従来、このような単一性の問題を回避する手法としては例えば、Ling Liu、“Initial Tap Setup of Constant Modulus Algorithm for Polarization De−multiplexing in Optical Coherent Receivers”、 Optical Fiber Conference (OFC) 2009、 paper OMT2、 Mar、 2009(非特許文献2)が提案されている。本手法は、バタフライ型FIRフィルタ132のうちあらかじめ片側の出力(例えばX)のみ、すなわちFIRフィルタ(HXX)133とFIRフィルタ(HYX)136のみの最適化を開始し、これらが収束したのちに、残るFIRフィルタ(HXY)135とFIRフィルタ(HYY)134の初期状態が概ね上記のFIRフィルタ(HXX)133とFIRフィルタ(HYX)136と直交するように設定した後に収束を開始する手法である。本手法では、最初から目標とする直交状態に近い初期状態が設定できるため、単一性の問題を回避できる可能性が高くなる。しかしながら、非特許文献2の手法も、理論上100%完全に単一性問題を回避できるものではなく、2回に分けて収束動作を行うため、従来手法より長時間の信号断を引き起こす可能性がある。

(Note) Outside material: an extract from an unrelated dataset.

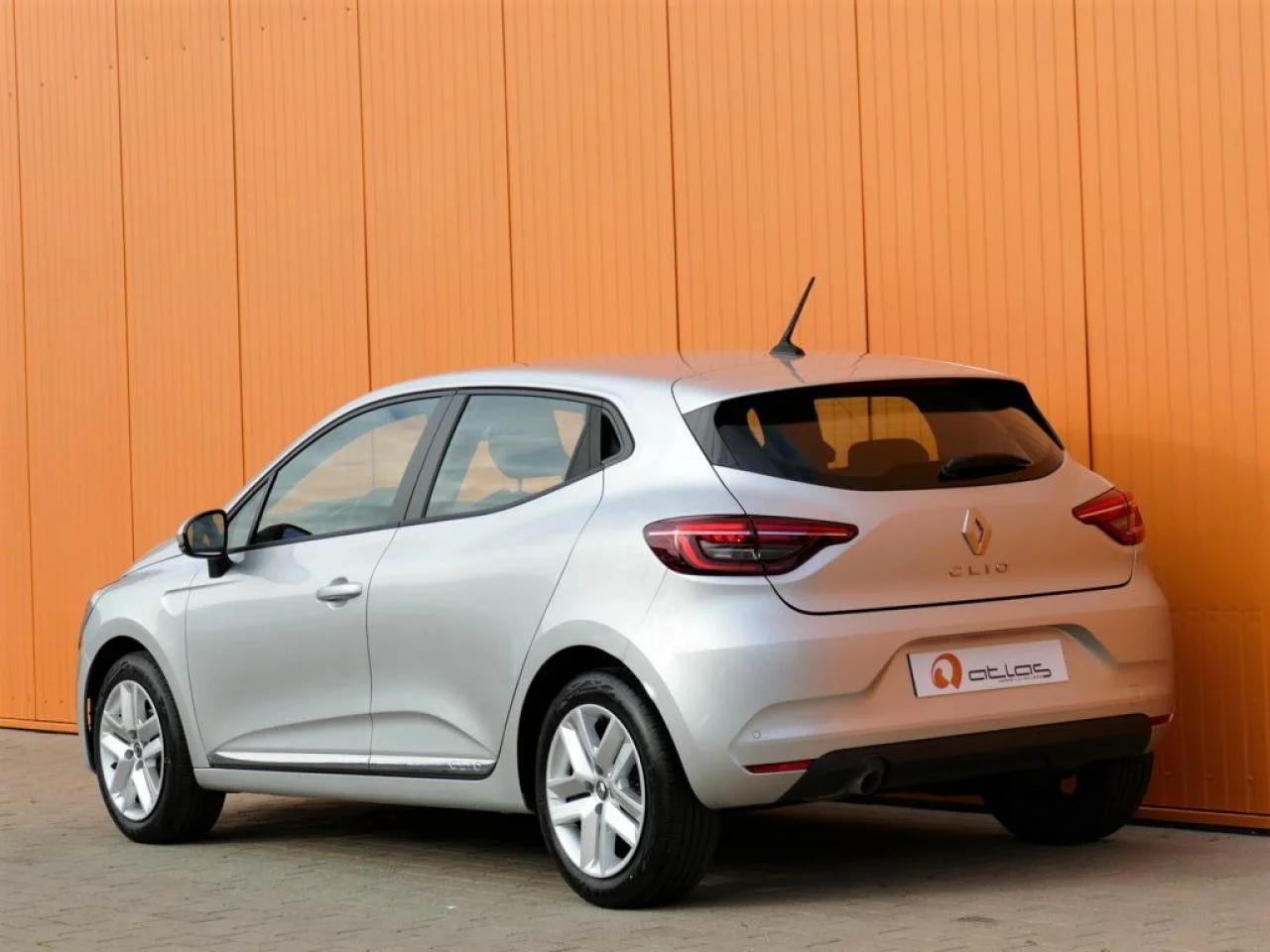 RENAULT CLIO - Miniature 4 sur 23 - Cliquer pour voir cette photo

また動作中にバタフライ型フィルタが誤動作して同一の偏波状態に収束してしまうリスクは従来の手法と同様であり、また2つの偏波のデータが入れ替わってしまう問題も解決されない。
【0015】
次に図4に示す従来の自動光偏波コントローラを用いた偏波多重光送信器の課題を示す。図4の例では、偏波分離部に一個の自動偏波コントローラと偏波分離回路159を用いて、直交した偏波成分を強制的に分離して2つの受信器に供給するため、原理的には上記の例のような単一性の問題は回避できる。これは2つの受信器に、同じ偏波の信号が入力されることは無いためである。

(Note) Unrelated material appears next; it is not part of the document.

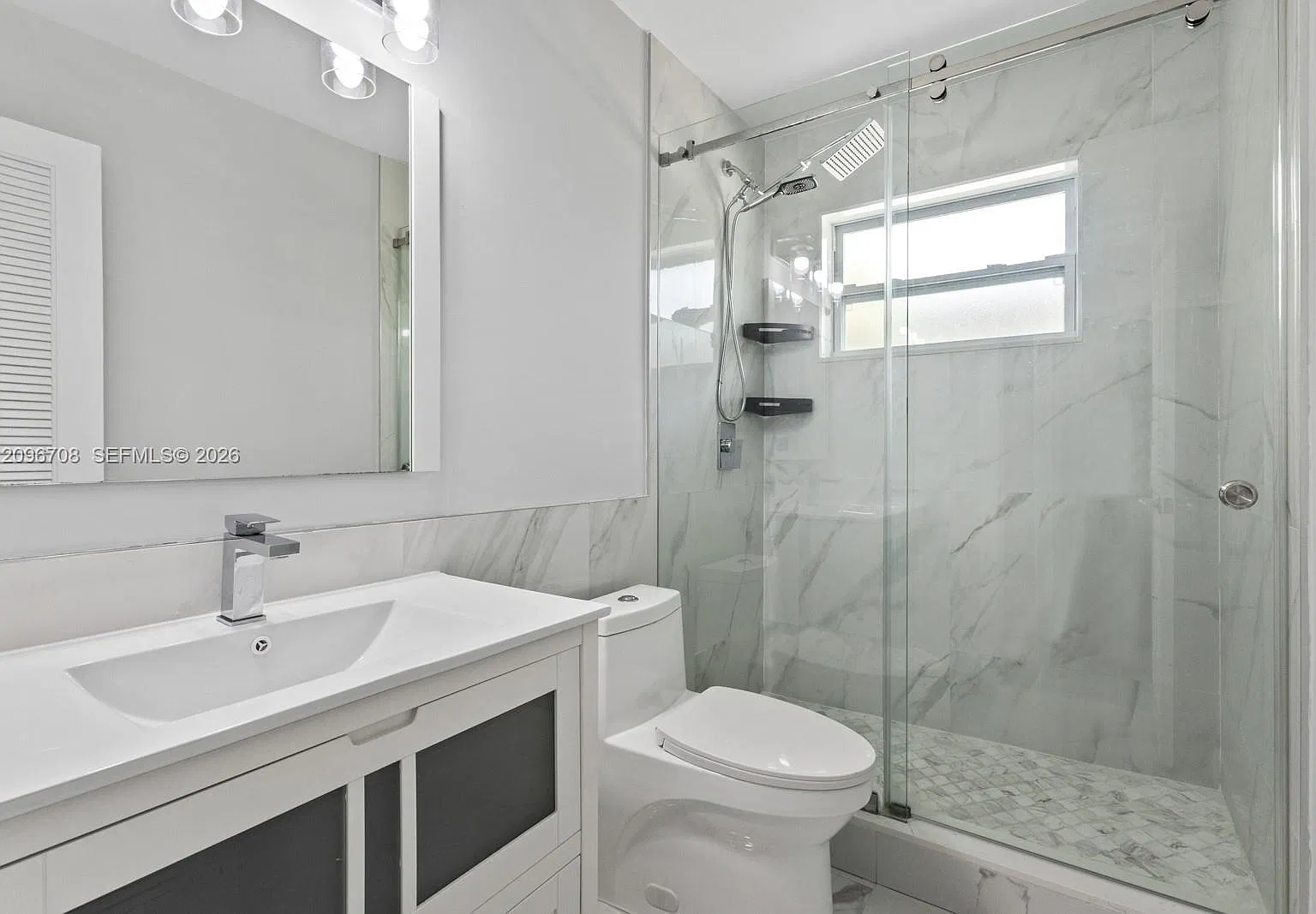 3311 SW 90th Ave — Photo 4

しかしながらこのような構成では、変調成分を最大化するY側の偏波成分については伝送品質が最良となるが、X側については大きな劣化が生じている可能性がある。これは例えば、伝送路の偏波依存損失などよっては伝送後の偏波状態の直交性が保たれなくなった場合などが挙げられる。このような場合には、X偏波の出力光にはX/Y両成分が混入することになり、伝送品質が大きく劣化してしまう。このような信号劣化を防ぐにはX成分についても伝送品質を検出し、またX成分を最大化する自動偏波コントローラと偏波分離回路をもう一組設け、X/Y偏波成分の品質をそれぞれ独立に最適化する手法が考えられる。しかしながらこのような方式では、おのおのの受信器で受信した信号がX/Yどちらの偏波成分かを判定することはできず、同様に単一性の問題が生じてしまう。

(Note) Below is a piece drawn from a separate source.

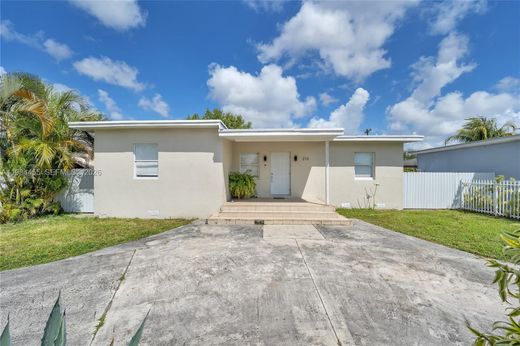 Villa - Hialeah, Miami-Dade County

単一性の問題を避けるためには、両偏波成分(図ではY)に異なる周波数の小振幅のバイアス変調信号を印加し、これを利用して受信偏波を識別する手も考えられる。しかしながら、このようなバイアス変調を行うと受信信号の一部が情報伝送に利用できなくなり、受信感度などの伝送性能の劣化を引き起こす(例えば10%程度の強度変調があると、1dB程度の受信感度劣化を生じてしまう)。
そこで本発明の第一の目的は、光偏波多重・分離伝送における単一性の問題を解決し、高速かつ高信頼な偏波多重・分離方式、ないしは受信偏波の誤収束判定方法を提供することである。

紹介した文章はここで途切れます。